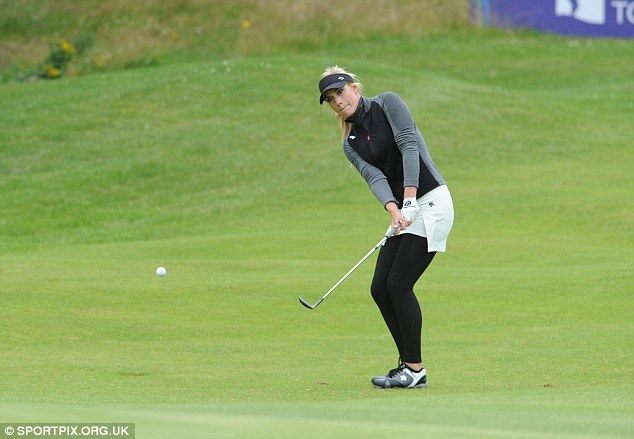 Nữ golf thủ lại gây sốt vì thân hình nóng bỏng ảnh 1 Nu golf thu lai gay sot vi than hinh nong bong anh 1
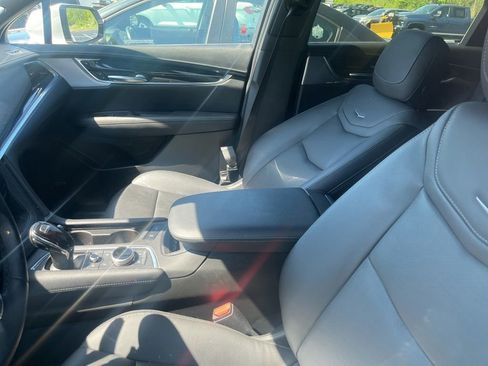 Used 2024 Cadillac XT5 Premium Luxury AWD/4WD image 6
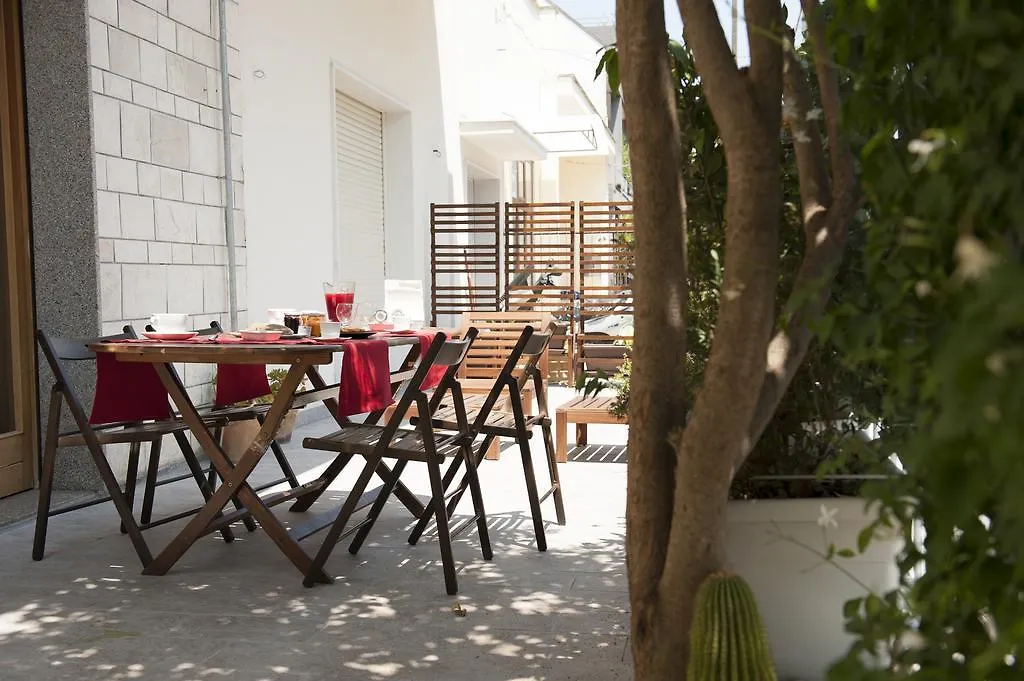 Bed and Breakfast Briciole Di Gusto à Lecce 2*,  Italie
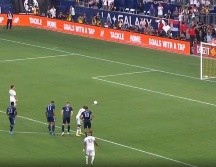 Javier Hernández pudo vestirse de héroe. ESPECIAL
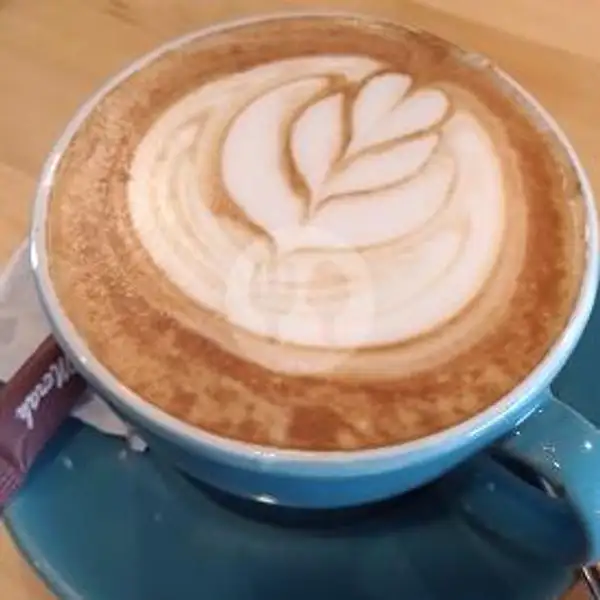 Caffee Latte | Daun Pisang Resto, Palm Spring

◆ **Task goal**
Set down exactly the lines of the entries above from the one holding "Javier Hernández pudo" through the last one, including both, with the pictures left out.

◆ **Reply to the exercise**
 Javier Hernández pudo vestirse de héroe. ESPECIAL
 Caffee Latte | Daun Pisang Resto, Palm Spring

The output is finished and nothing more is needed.